IQSS / dataverse

Open source research data repository software
http://dataverse.org
Other
878 stars 486 forks source link

Improving perceived DOI registration/publicizing speed. #7393

Closed qqmyers closed 1 month ago

qqmyers commented 3 years ago

With file PIDs enabled, and with large datasets (100s to 1000s of files), the time to register files at creation/upload (implemented in #7334 ), and to publicize those DOIs during publication, is large enough to be noticeable (simple tests on test servers show something like 2 DOI changes per second so ~10 minutes for 1K files). Given realistic file sizes, it isn't clear whether this is that significant during uploads (presumably 1000 'average' files take longer than 10 minutes to upload for most people?), but it is probably a big part of the wait at publication.

I'm opening this issue to consider options for how the real or perceived performance might be improved. One option would be to make the changes asynchronously, e.g. the way that archiving can be done in a post-publication workflow. This would result in the user seeing file DOIs appear over time, or becoming public over time rather than being assigned/public when the save/publish operation completes. (Actually, since it takes significant time for DataCite to push newly publicized DOIs out to its index servers, there's already a delay between publish and the DOIs being resolvable).

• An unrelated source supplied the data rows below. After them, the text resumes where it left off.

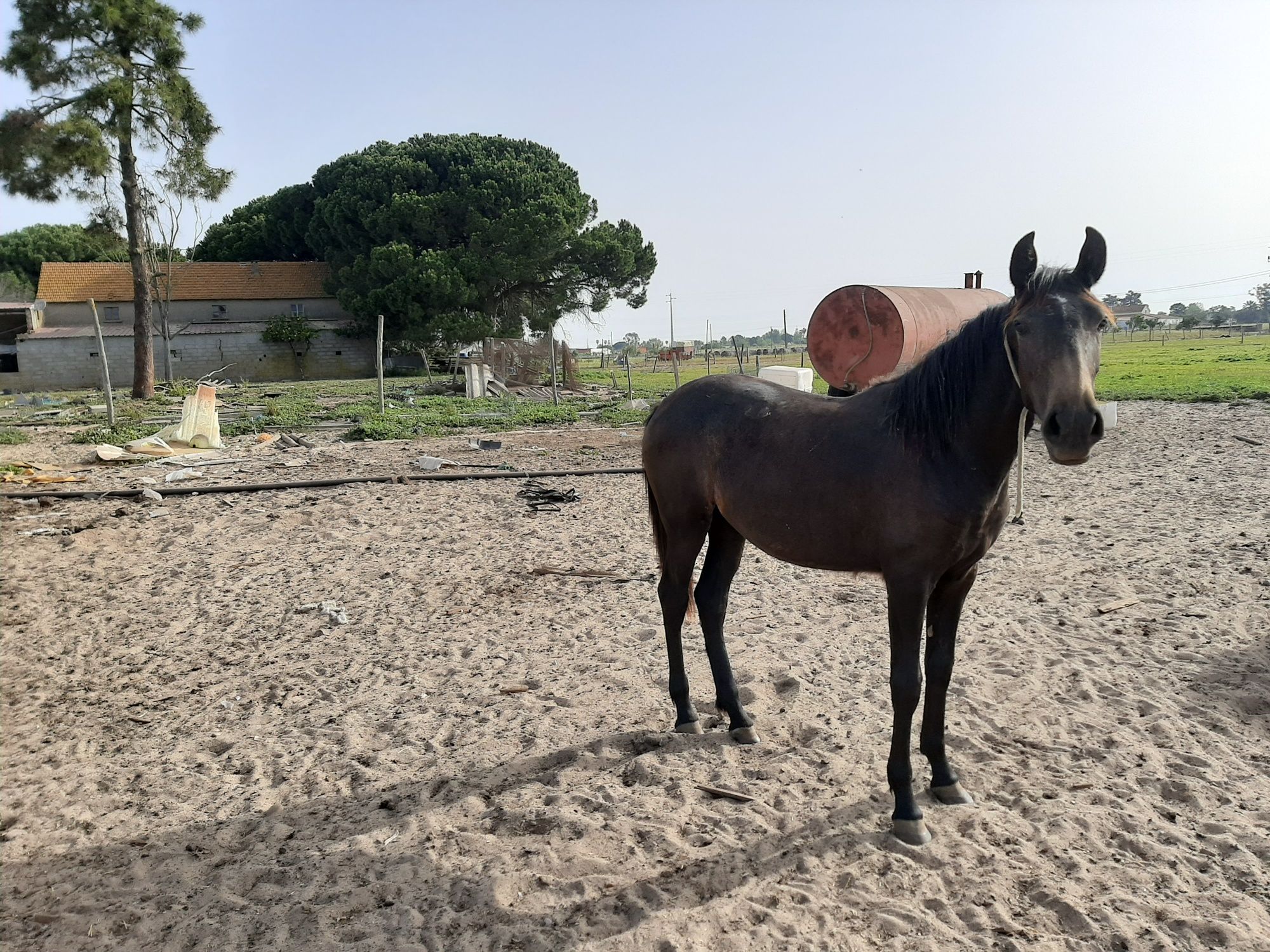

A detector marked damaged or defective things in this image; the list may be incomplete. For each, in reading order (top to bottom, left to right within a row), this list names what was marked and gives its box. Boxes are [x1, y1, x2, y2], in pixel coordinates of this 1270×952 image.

rusty metal barrel [808, 283, 1006, 391]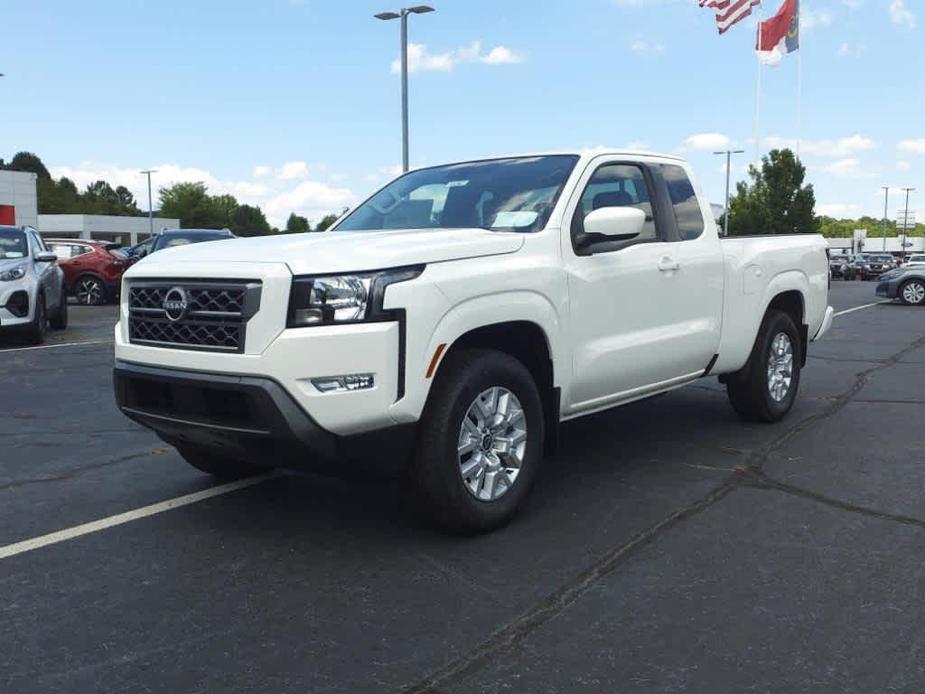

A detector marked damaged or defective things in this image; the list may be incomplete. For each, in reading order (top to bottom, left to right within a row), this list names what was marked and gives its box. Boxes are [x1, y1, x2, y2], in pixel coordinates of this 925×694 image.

crack in asphalt [0, 448, 171, 492]
crack in asphalt [402, 334, 924, 694]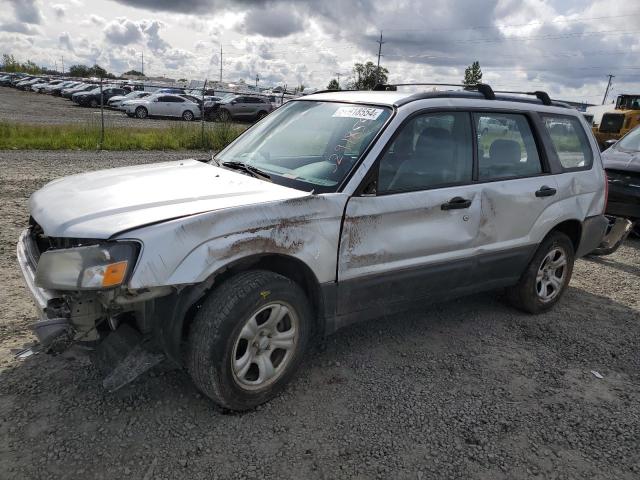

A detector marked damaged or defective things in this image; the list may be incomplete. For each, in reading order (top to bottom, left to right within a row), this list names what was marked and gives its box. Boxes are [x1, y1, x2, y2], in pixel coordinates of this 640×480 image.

damaged silver suv [17, 84, 608, 410]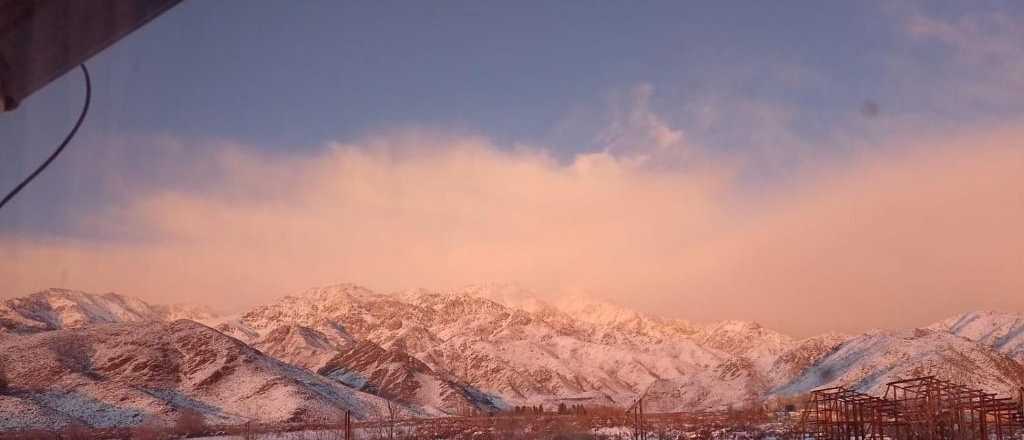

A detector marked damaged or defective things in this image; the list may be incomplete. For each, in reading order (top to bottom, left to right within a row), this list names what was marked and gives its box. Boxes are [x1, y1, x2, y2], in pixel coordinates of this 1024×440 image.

It may also be possible to speed submission by parallelizing the calls to DataCite, or, if those need to be throttled and the delay is partially in Dataverse preparing the metadata to send, just parallelizing the prep steps and putting the DataCite calls in a pool.

Some of things that would help prioritize and refine this issue would be to know how much of a concern this is to installations and to know whether others have experience in sending large numbers of DOI requests to DataCite and or know what performance DataCite supports and whether they have bulk/asynchronous calls we could use.

I may investigate some, but this issue may sit for a while without community input.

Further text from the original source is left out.